In preparation for this event, we invite you to explore the history through the pictures below.
Miami Tribe of Oklahoma Chief Forest Olds (left) visits Miami University unexpectedly and speaks with then-president Phillip Shriver, forging the first connection between the Tribe and University. At that visit, Chief Olds was given a University tour and attended a football practice. Following that visit, Miami University sent a resolution asking the Tribe to support their use of Redskins as an athletic mascot, which they passed.
Chief Forest Olds returns to Miami University and meets with President Phillip Shriver. During this visit the John R. Ruthven ‘Miami Indian I’ print was unveiled. Additionally, Chief Olds (left) received an award from Bob Cantoni of the Miami University Alumni Association.
1970s and 1980s
Chief Forest Olds passes away not long after his 1974 visit to Miami University and he is succeeded by Chief Floyd Leonard (at the mic). Chief Leonard and other Miami Tribe leaders continue to build individual relationships with people at Miami University, including university presidents and the Alumni Office. Seated is then-president Paul Pearson, and standing is alumni director Mike Macechko.
Starting in the 1990s, Miami developed recommendations for strengthening the University’s relationship with the Miami Tribe. This included education for the Miami University community through presentations and campus displays, as well as educational opportunities for Miami Tribe citizens. Chief Leonard was invited to campus on a regular basis for important events, including three presidential inaugurations and the 2009 bicentennial.
The first three Miami Tribe students enrolled at Miami University as part of the Miami Heritage Award in 1991. Myaamia students receive a tuition waiver to attend Miami University.
After much debate within the community, the Miami Tribe sends a resolution to Miami University that states: “the Miami Tribe of Oklahoma can no longer support the use of the nickname Redskins and suggest that the Board of Trustees discontinue the use of Redskins and other Indian related name.”
Out of respect for the sovereignty of the Miami Tribe and the relationship between the Tribe and University, Miami University changed its mascot name from Redskins to RedHawks.

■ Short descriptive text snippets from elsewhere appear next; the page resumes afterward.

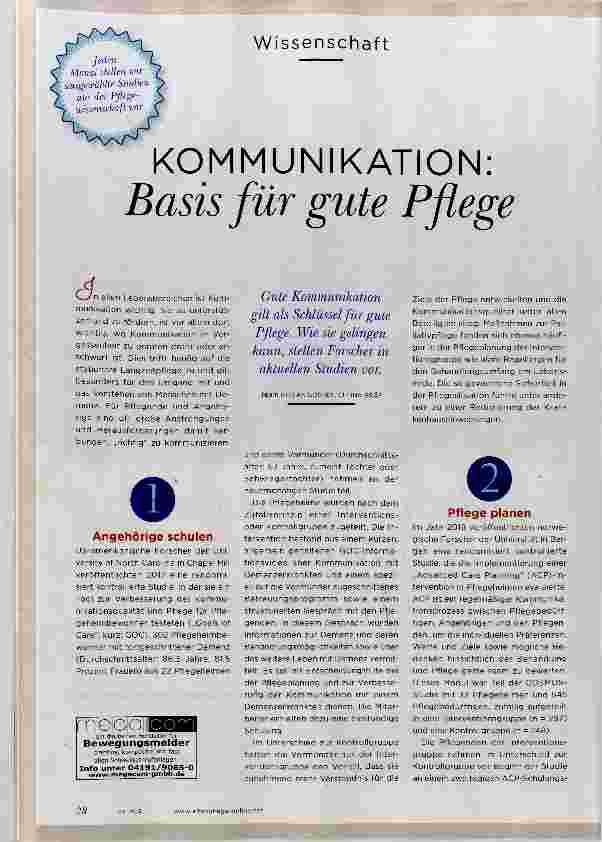 Vorschauseite 1: KOMMUNIKATION: Basis für gute Pflege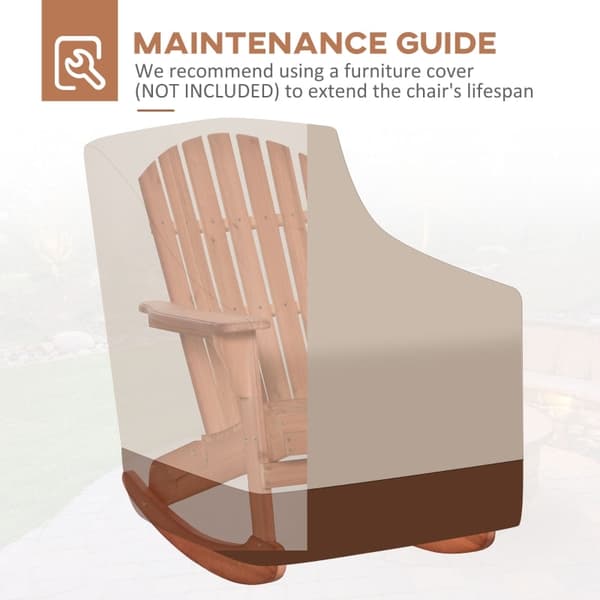 Rootz Adirondack Garden gyngestol - Udendørs gyngestol - Patio gyngestol - Ultimativ komfort - Vejrbestandig - Nem vedligeholdelse - 77 cm x 94 cm x 9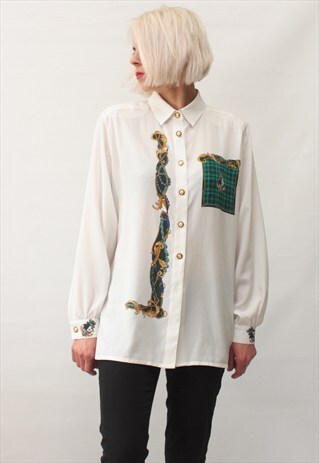 VINTAGE 90' AMAZING ELEGANT UNISEX WHITE SHIRT WITH ORNAMENT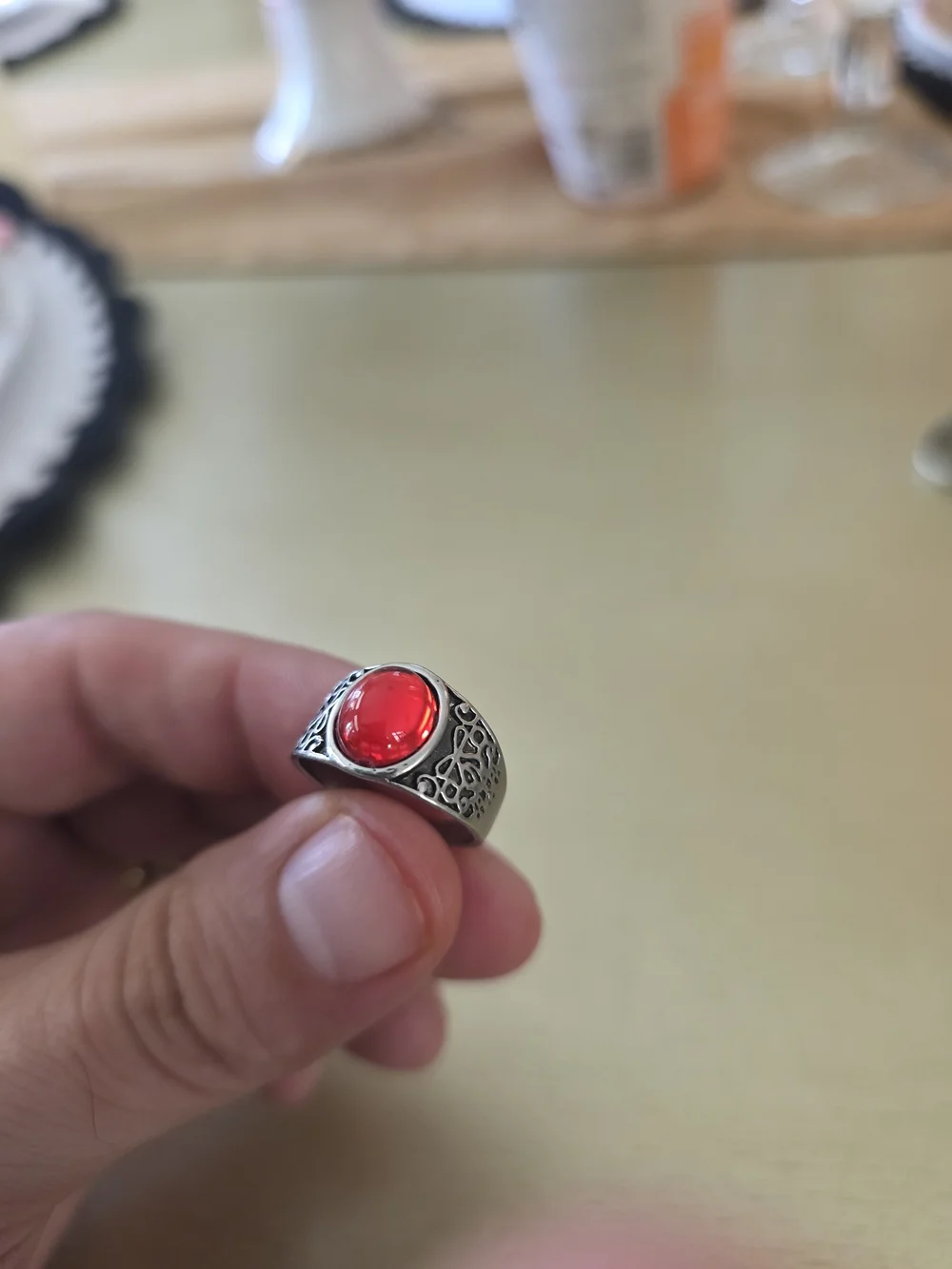 Silver Ring with Red Cabochon Gemstone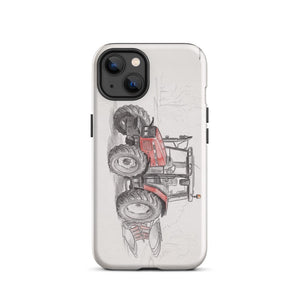 Furrow & Fields Tough Case for iPhone® iPhone 13 Massey Ferguson 6255 Pencil Sketch | Tough Case for iPhone® Quality Farmers Merch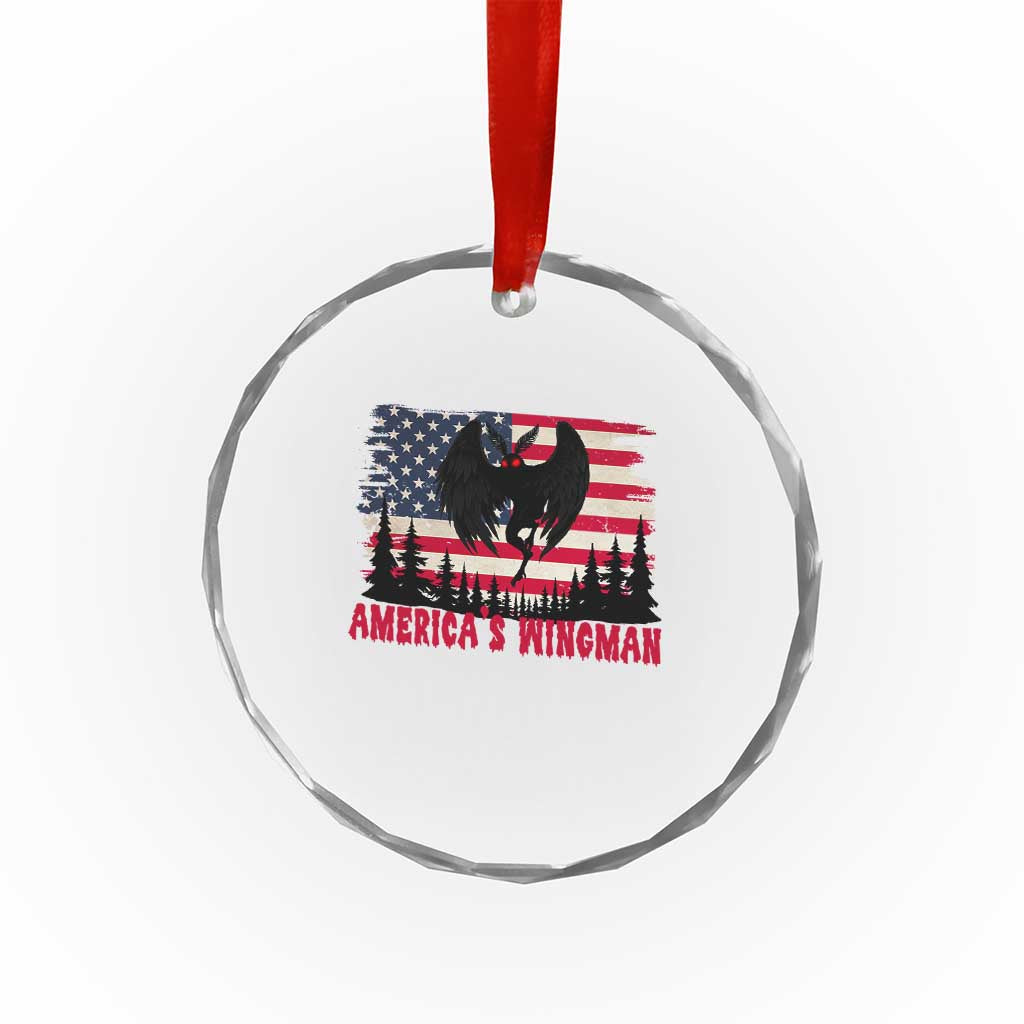 Mothman Americas Wingman Crystal Glass Ornament Funny Patriotic Cryptid TS12 Print Your Wear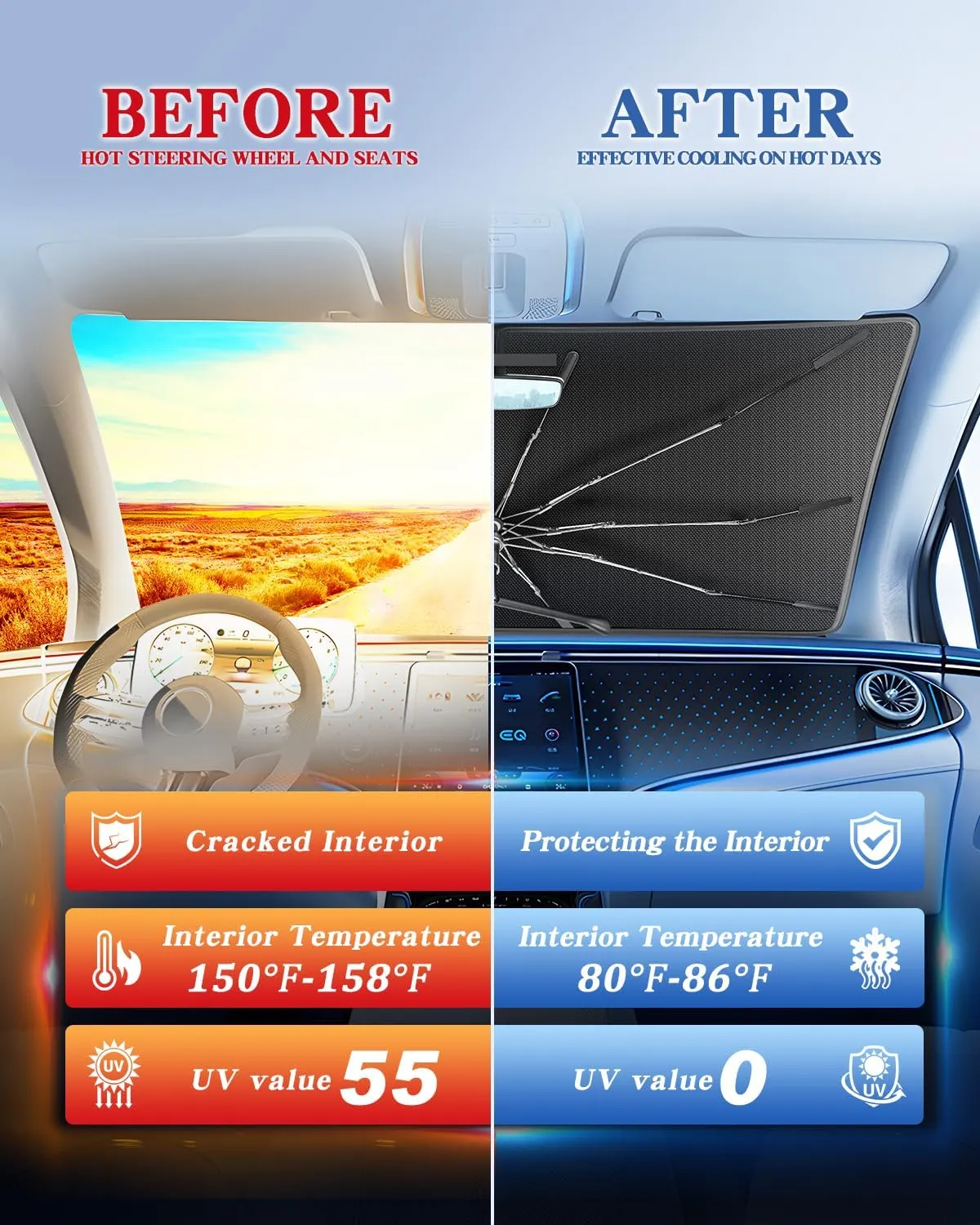 Portable Windshield Sunshade Umbrella for 2024-2025 Toyota Tacoma Models TRD/SR/SR5/limited Series, 2 in1 Ice Crystal Durable Compact Shade Umbrella UPF50  UV Front Window Protection Outdoor Camping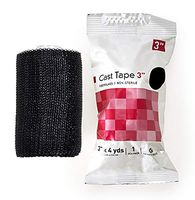 Cast Tape 3" x 4 yds. 10 Rolls of Fiberglass Casting Tape for immobilization of Upper and Lower Extremities. Black Color. Water-Activated Resin. Porous Weave. Latex-Free.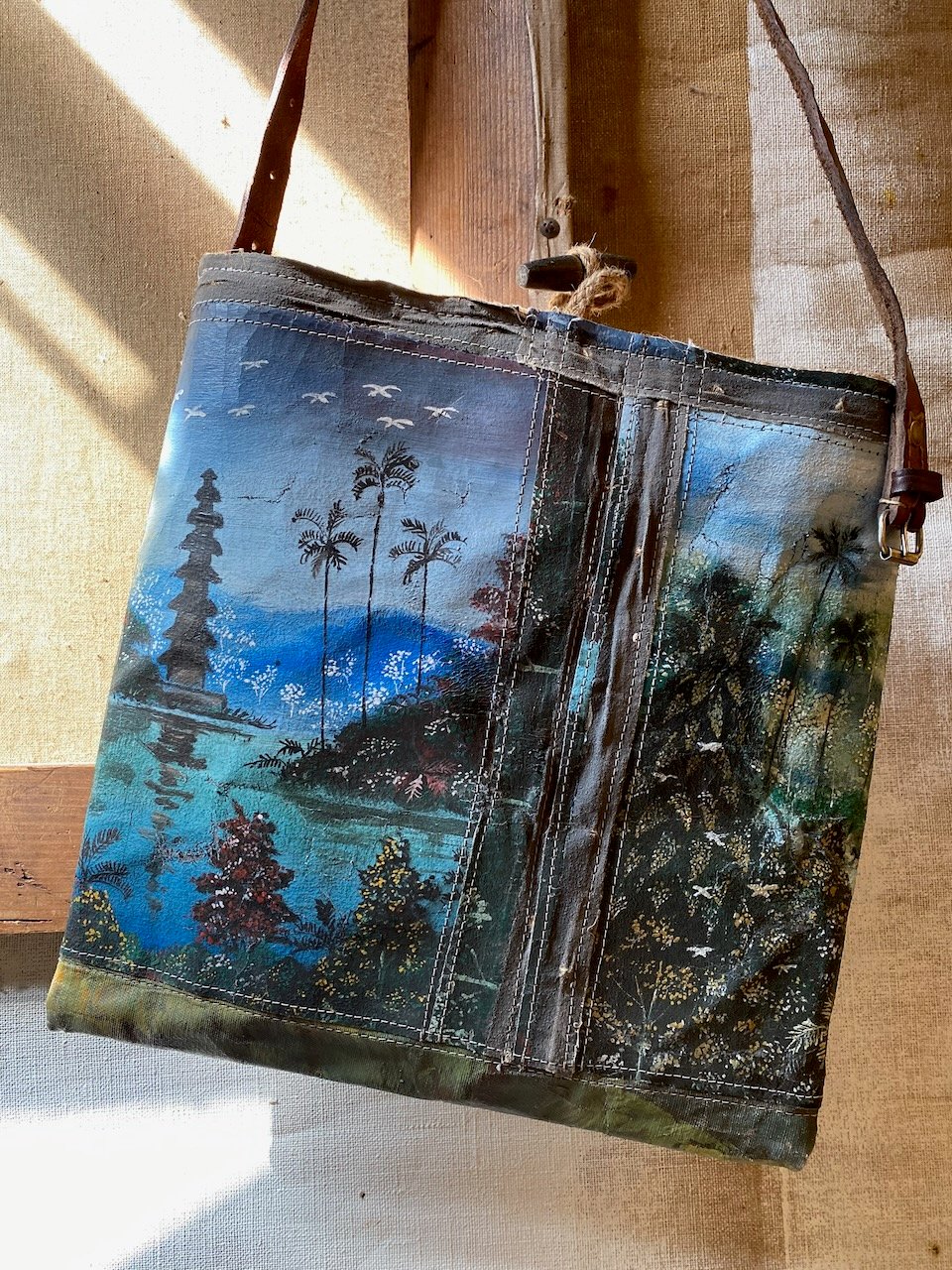 Image of one of a kind painting bag - bali no. 02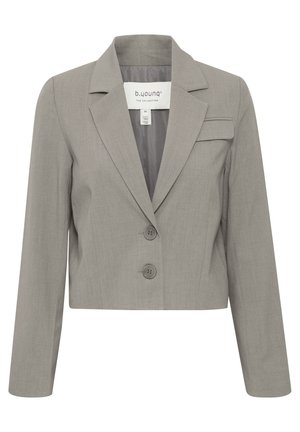 Grå kort blazer med snibbkrage, två framskjutna knappar och en ficka på vänster sida. Slät tyg med en subtil struktur.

Because of the relationship that had been created between the Tribe and University to this point, the Tribe approached Miami University about supporting their work in language and cultural revitalization. The Myaamia Project was created, and Daryl Baldwin arrived in 2001 as the founding director. Since its founding the Myaamia Project (now Myaamia Center) has worked to serve the needs of the Miami Tribe of Oklahoma.
Up until 2003, students who attended Miami as part of the Myaamia Heritage Award did not have any formal requirements. The Myaamia Heritage Course series was started in 2003 to help students learn about Myaamia history, language and culture while they attend Miami University.
Chief Floyd Leonard (second from left) received an Honorary Doctorate of Humane Letters from Miami University at May commencement. From left to right: Dick Nault, Chief Leonard, commencement speaker William Safire and then-Miami President James Garland.
Miami University and the Miami Tribe sign a Memorandum of Understanding outlining their support to engage in future educational initiatives together. President James Garland (left) and Chief Leonard.
Miami University and the Miami Tribe sign a Memorandum of Agreement, officially recognizing the Myaamia Project including details regarding funding, operations and intellectual property. Left: Chief Thomas Gamble with then President David Hodge.
The Miami University Art Museum hosts a semester-long exhibit about the Miami Tribe and dedicates the sculpture “A Tribe Named Miami, A Surveyor’s Stake, A Town Named Oxford” in the Miami University Art Museum Sculpture Garden.
The Myaamia Project transitioned into the Myaamia Center, which provided additional support and permanence to the language and cultural revitalization work. In this picture are then-president David Hodge (left) and Chief Douglas Lankford.
The Richard and Emily Smucker Wiikiaami Room was opened as part of the new Armstrong Student Center in 2014. The design for the room originated with a 2009 Miami University architecture studio. It incorporates several elements of a wiikiaami, the Myaamia word for “home or lodge,” including the room’s round shape and an entrance from the East.
Myaamia Center Executive Director Daryl Baldwin is awarded a MacArthur Fellowship for his work in the revitalization of Myaamia language and culture.
May 13: Daryl Baldwin (center) gives the keynote commencement address and receives an Honorary Doctorate of Humane Letters from Miami University at commencement from Chief Lankford (left) and Provost Phyllis Callahan.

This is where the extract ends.